Staff member in Cath Lab in scrubsStaff in scrubs in the Cath LabStaff in scrubs in the Cath Lab

About

How we're enhancing renal practice in Indonesia

Wednesday 9 December 

Helping to meet the need for kidney transplants has led Austin Health to enter into a sister-renal program with an Indonesian hospital called Dr Kariadi.

Dr Kariadi is based in Semarang, the capital of Central Java, and has established a renal service which is working to address the huge demands for kidney care in the Central Java province.

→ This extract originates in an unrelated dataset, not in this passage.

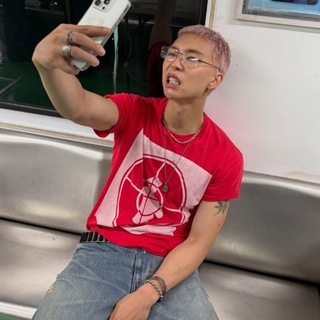 Telegram profile photo for Jоhnny, not Depp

Austin Health’s Deputy Director of Nephrology, Associate Professor Peter Mount, has been instrumental in setting up this program and explains that its key purpose is for Austin Health to share knowledge and best practice with a growing renal service.

“Austin Health is a leader and centre of excellence for renal care and transplantation,” A/Prof Mount said.

"We’ve entered into this program in the hope that we can share our key learnings from over the years, and help Dr Kariadi expand its renal services.

"It’s about furthering our field across the world, and helping people access life changing renal care or transplantation,” he said.

A/Prof Mount compared Victoria’s population of 6.4 million with that of Central Java of 34.7 million, and explained that there is enormous unmet need for kidney health and renal transplantation in Java.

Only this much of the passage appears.